Quine argued that the success of innate and learned criteria for classifying kinds on the basis of similarities observed in small samples of kinds, constitutes evidence of the existence of natural kinds; observed consequences affirm imagined causes. His reasoning continues to provoke philosophical debates.

Hilary Putnam

In 1975, Hilary Putnam rejected descriptivist ideas about natural kind by elaborating on semantic concepts in language.[5][6] Putnam explains his rejection of descriptivist and traditionalist approaches to natural kinds with semantic reasoning, and insists that natural kinds can not be thought of via descriptive processes or creating endless lists of properties.

In Putnam's Twin Earth thought experiment, one is asked to consider the extension of "water" when confronted with an alternate version of "water" on an imagined "Twin Earth." This "water" is composed of chemical XYZ, as opposed to H2O. However, in all other describable aspects, it is the same as Earth’s "water." Putnam argues that the mere descriptions of an object, such as "water," is insufficient in defining natural kind.

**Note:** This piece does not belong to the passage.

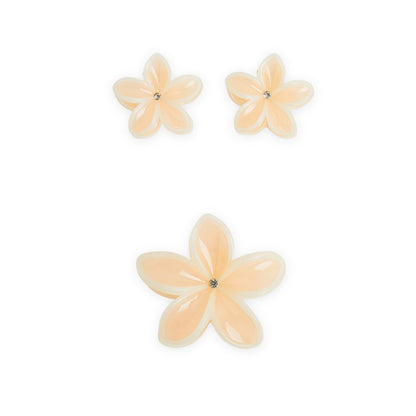Pack of 3 Floral Hair Clutcher Clips - Peach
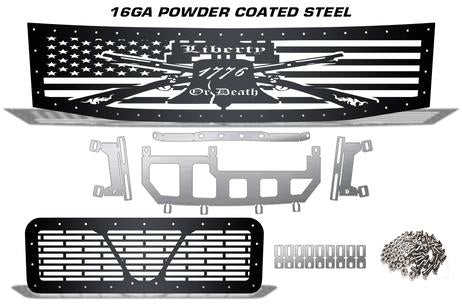 Nissan Titan Grille ('08-'14) Black Steel, LIBERTY or DEATH - RacerX Customs | Truck Graphics, Grilles and Accessories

There are underlying aspects, such as chemical composition, that may go unaccounted for unless experts are consulted. This information provided by experts is what Putnam argues will ultimately define natural kinds.[6]

Putnam calls the essential information used to define natural kind "core facts." This discussion arises in part in response to what he refers to as "Quine’s pessimism" of theory of meaning. Putnam claims that a natural kind can be referred to via its associated stereotype. This stereotype must be a normal member of the category, and is itself defined by core facts as determined by experts,. By conveying these core facts, the essential and appropriate use of natural kind terms can be conveyed.[7]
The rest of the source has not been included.